It's cork board. Half of it is some 12x12 "tiles" I got at the craft shop and cut in half, and the other half was an even better bargain: my dad is a beekeeper and the "peg board" stuff is what's left over after they punch out the plugs for queen cages. My dad, being a regular Sanford, gets this stuff from the factory for free as they're just going to throw it out, and when I saw it, I immediately begged a sheet off of him. I then just used some pieces of 1/2 x 1 crown molding as spacers and hotglued the whole contraption together. It provides pretty much as close to optimal surface area for the roaches as I can imagine.

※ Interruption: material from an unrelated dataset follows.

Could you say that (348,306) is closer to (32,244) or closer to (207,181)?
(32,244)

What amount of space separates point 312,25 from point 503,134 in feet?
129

Substrate is about 1" of vermiculite as the newly born roaches like to burrow before moving into the roach motel. Feed is mostly dogfood with, like you, some leftover veggies thrown in for variety.

This is a better picture of the roach motel:


----------



## Frank (Mar 18, 2003)

What's the kind of dog food we see that looks like big balls? We're giving some big balls dog food like that to our dog.. I would like to see if that's the same as ours.. (maybe to use with my future hissers) and do they like it or do they eat it to have something to eat?



Thanks, Frank


----------



## Code Monkey (Mar 18, 2003)

The big pieces are Science Diet Tartar control - they love it, and I guess their mandibles stay clean 

My wife gets all kinds of different dog foods for free or nearly free as a vet student so I've had a bit of fun seeing what the roaches seem to prefer. They tend to devour the tartar control and vegetable kibbles first. Heavily colored dog foods tend to go last. We just got some new dog food being made by Marshalls and that also seems to be a hit.

I don't think you have to stress this issue too much. They are roaches. The thing that I find most amazing is how little food it takes to run the colony. It's no wonder they can become such pests in homes - the glue off of a stamp must be able to feed a family for a month


----------



## invertepet (Mar 22, 2003)

Lobster roaches smell (especially if you grab them - YUCK, like bad B.O. and rotting cabbage combined). They're not that big even as adults, and the smaller ones are nearly impossible to grab. Furthermore, many T's I have won't eat the damned things (they probably smell bad them, too). So I give a thumbs-down to the lobsters unless you're adept at catching them and don't mind the smell and have spiders that will eat them. They CAN climb very well, so you have to use that Fluon stuff to prevent escape from unsealed containers. The upside to them is they're tough, reproduce very fast and eat just about everything so are easy to keep going.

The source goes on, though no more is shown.